▶ **TASK**
Upon reaching the line that contains "Спальня с нишами" in the records below, begin repeating every line exactly through the last one, skipping pictures.

*** Opening PROVIDED RECORDS ***

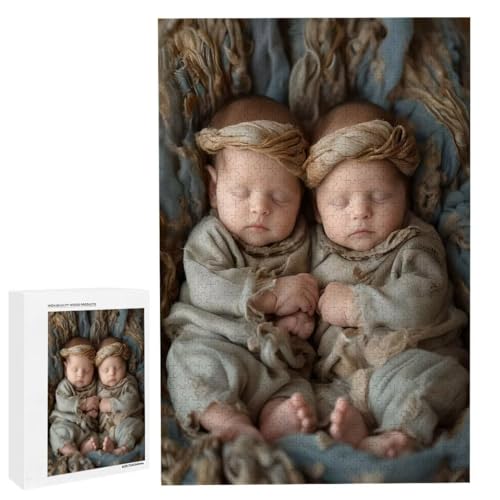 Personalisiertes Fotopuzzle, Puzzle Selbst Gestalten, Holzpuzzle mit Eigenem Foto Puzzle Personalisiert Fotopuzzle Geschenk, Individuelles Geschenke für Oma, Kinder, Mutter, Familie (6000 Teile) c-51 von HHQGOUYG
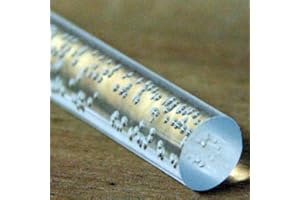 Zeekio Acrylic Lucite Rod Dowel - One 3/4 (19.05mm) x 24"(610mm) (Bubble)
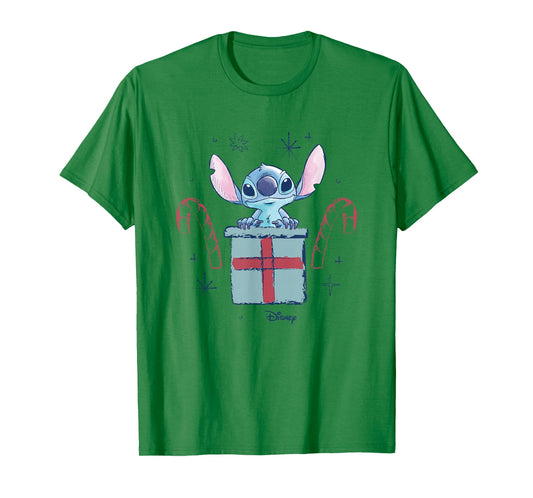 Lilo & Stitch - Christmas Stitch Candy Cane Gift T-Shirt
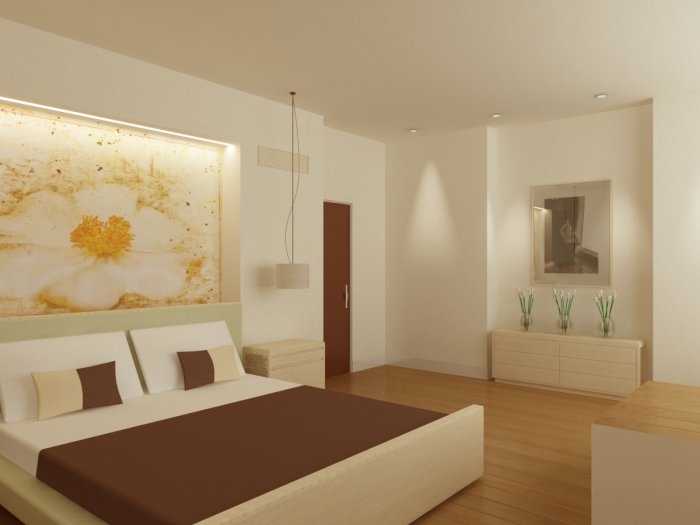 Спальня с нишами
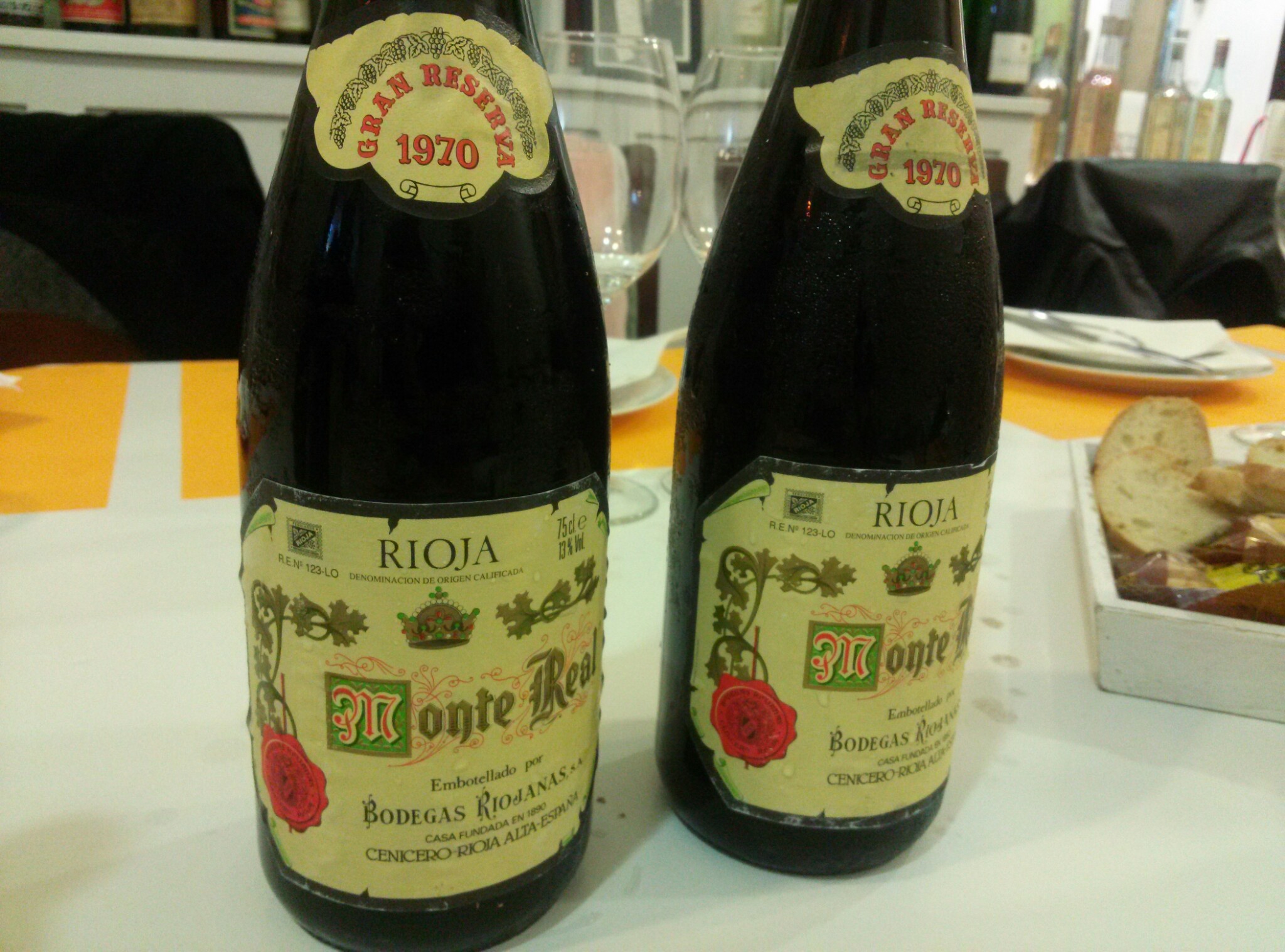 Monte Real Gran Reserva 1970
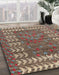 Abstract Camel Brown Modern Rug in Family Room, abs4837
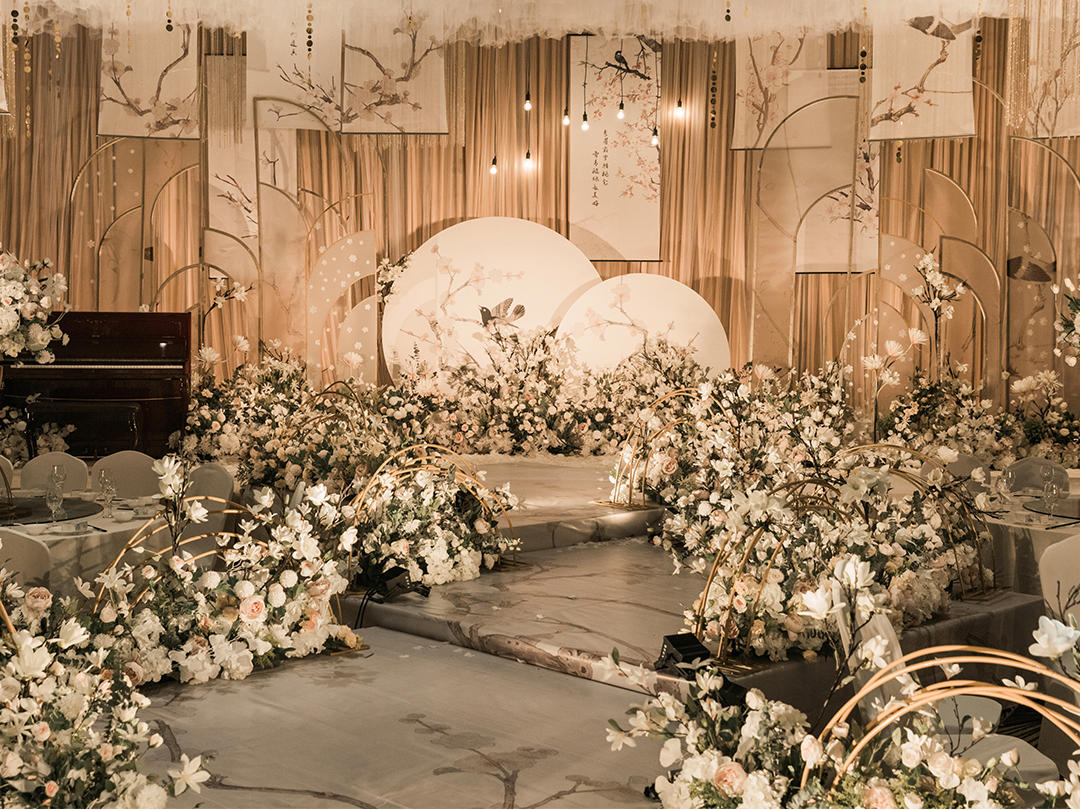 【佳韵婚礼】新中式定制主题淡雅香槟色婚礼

*** Closing PROVIDED RECORDS ***

▶ **EXERCISE RESPONSE**
 Спальня с нишами
 Monte Real Gran Reserva 1970
 Abstract Camel Brown Modern Rug in Family Room, abs4837
 【佳韵婚礼】新中式定制主题淡雅香槟色婚礼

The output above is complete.